I remember a conversation with a lady way back when, was asking her if she’d seen Pale Rider.

“No” she said. “I don’t watch those kindsa films. I only watch World Cinema.”

There are, of course, a number of reasons for why a fella might wanna claw his own ears off after hearing such a statement. For one thing, it’s fuckin’ Pale Rider. For another, fuckin’ Pale Rider was made in America, which, last time I looked, was part of the World. Also, World Cinema? What horrible ghettoised mindset has done gone soured your very arse, m’dear, for to have you using terms like World Cinema. Like “World Music”, World Cinema ain’t nothin more than a wretched, patronising, elitist-yet-incredibly-ignorant half-arsed nonsense.

Bein’ the kind of fella who cums himself in five at the thought of a couple extra minutes of Manhattan might be hidden away in a vault someplace, i.e, a Flick Geek, I’ll watch anything, and if it’s good, it’s good. Subtitled or otherwise, horror or romantic-comedy or documentary about some goof made a record one time and some folks liked it, whatever, if a fella wants to find the gold, he can’t go lingerin’ round a handful o’ rocks.

Wonderful flicks are a universal phenomenon, as is guffy ol’ shite.

Also, it ain’t necessarily the fault of the audiences that they don’t watch these flicks. Time and again, it’s been proven that a subtitled flick can be incredibly successful provided the studio flinging it screen-wards puts the effort in. The Passion Of The Christ, Crouching Tiger Hidden Dragon, Life Is Beautiful. Three flicks right there that proved enormously popular theatrically and on video / DVD. If folks could see, say, Paradise Now as easily as they could see Munich, I’d wager they would. They have done.

Studios tossing brilliant films into horrible ghettos like World Cinema, marketing them to select audiences and ignoring everyone else, well, they’re as much to blame as the fella sat front the telly choosing Lock, Stock And Two Smoking Barrels over Ikiru, or Anchorman over La Cage Aux Folles. More so, in fact, because most likely the fella would go with Ikiru, had he ever heard of it.

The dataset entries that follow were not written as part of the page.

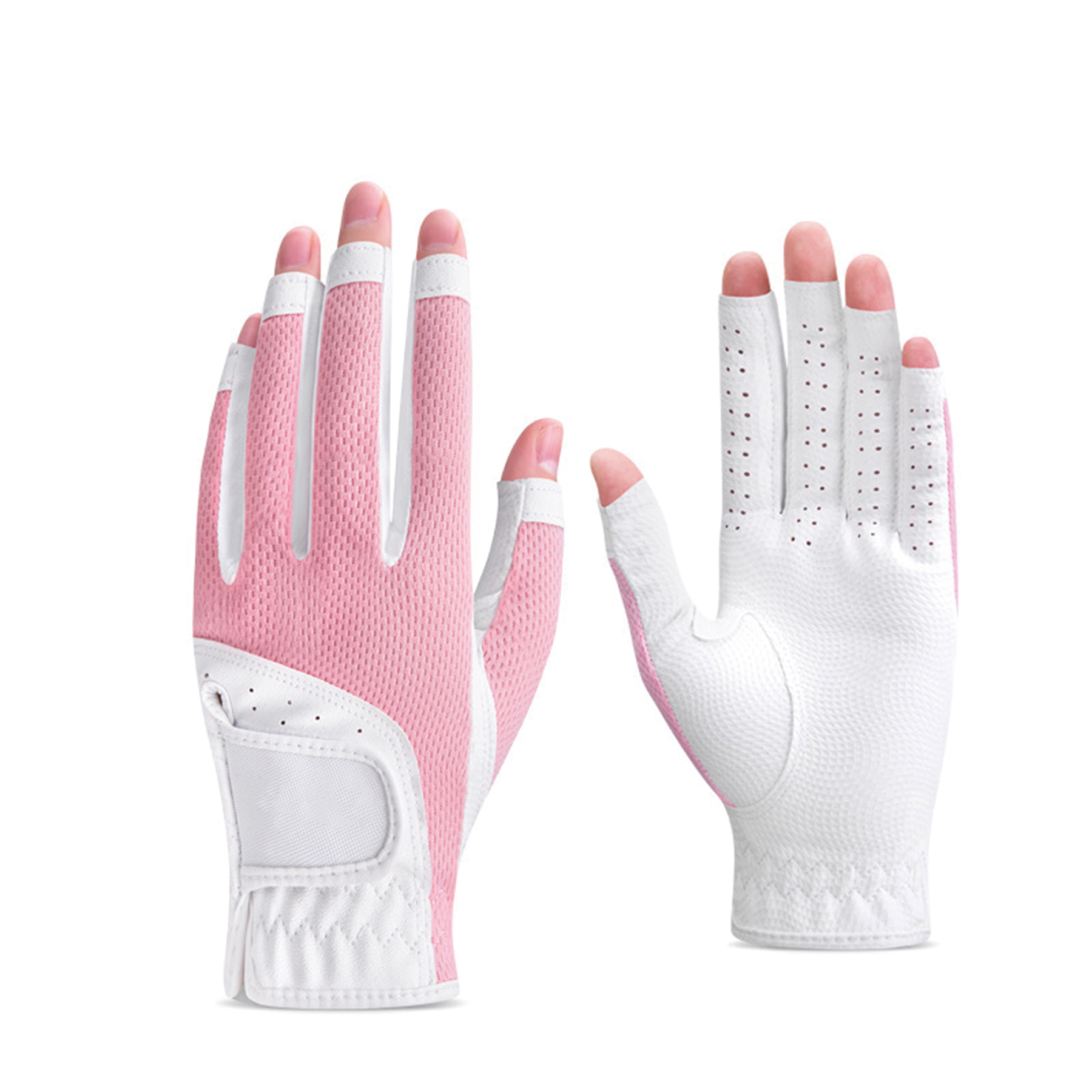 Golf Fingerless Breathable Mesh Sun Protection Gloves 4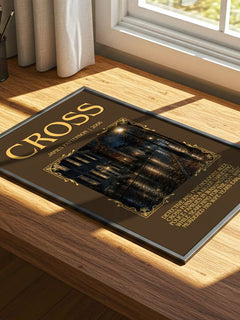 Cross Minimalist Book Poster by James Patterson – print on a sunlit desk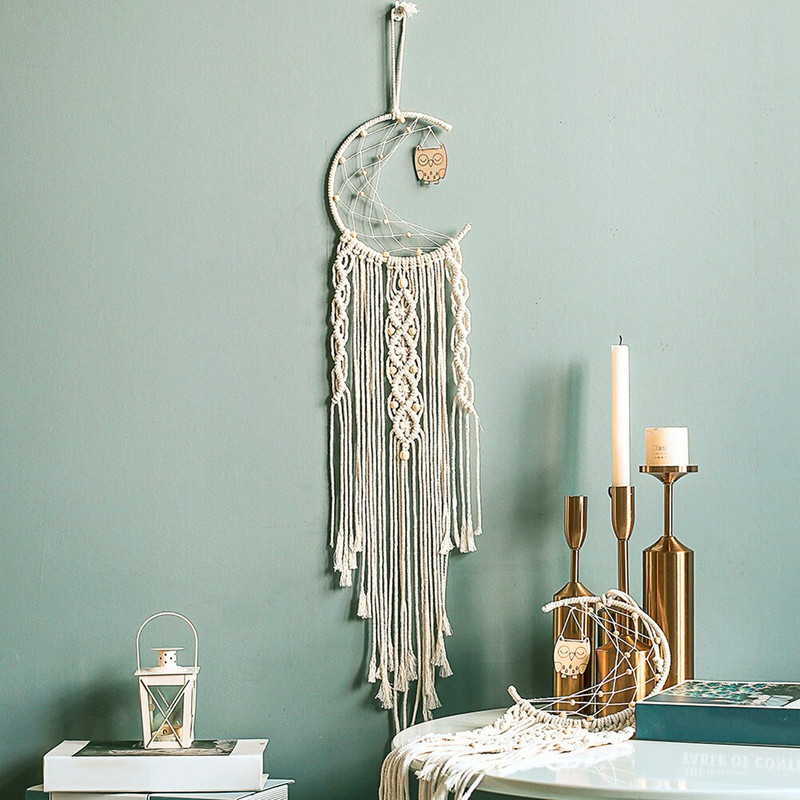 Bohemian Dream Catcher medál otthoni fali dekoráció gobelin Kézzel szőtt pamut kötél kárpit skandináv dekoráció Ajándék diákoknak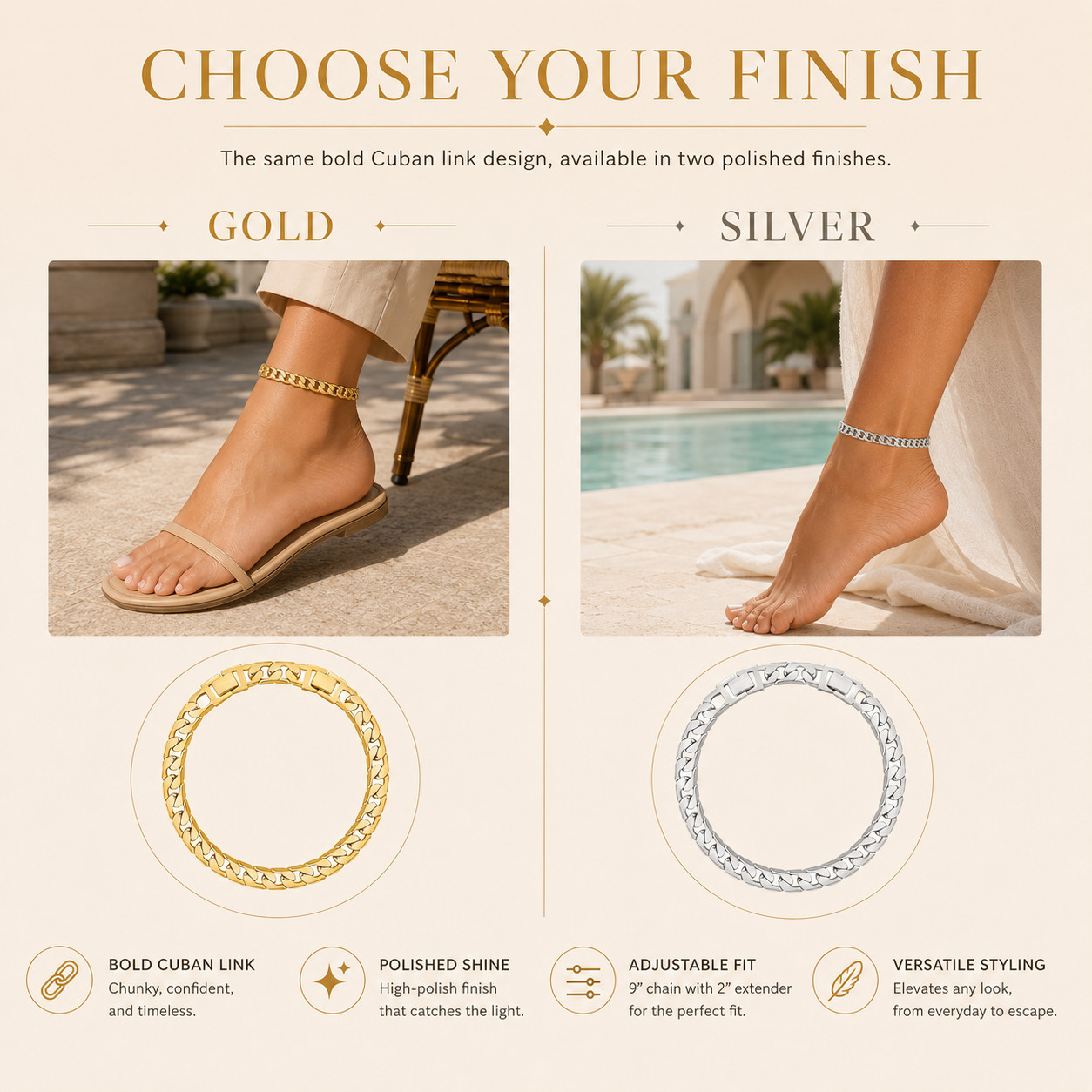 Uxvwez 18K Gold Plated Cuban Link Anklet for Women Gold Silver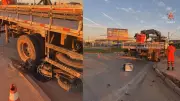 Motociclista morre em colisão com caminhão na marginal da Estrutural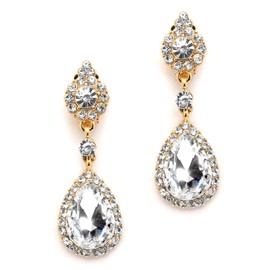 Mariell Gold Teardrop Austrian Crystal Dangle Chandelier Earrings for Wedding, Lightweight Designer Earrings For Brides, Prom, Pageant & Bridesmaids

A flick they’ve heard about, they’re more likely to watch. Stands to reason. How many flicks do we ignore, us enlightened cinema-fiends, on account of we don’t know shit about them? Plenty manys, is how many.

Market these things right, and it’s more likely folks’ll take the chance.

Folks take the chance with that one, there’s more chance they’ll opt for La Cage Aux Folles next time.

They’ll probably still enjoy Anchorman more, though. And they’d be absolutely right to do so. Anchorman fuckin’ rocks.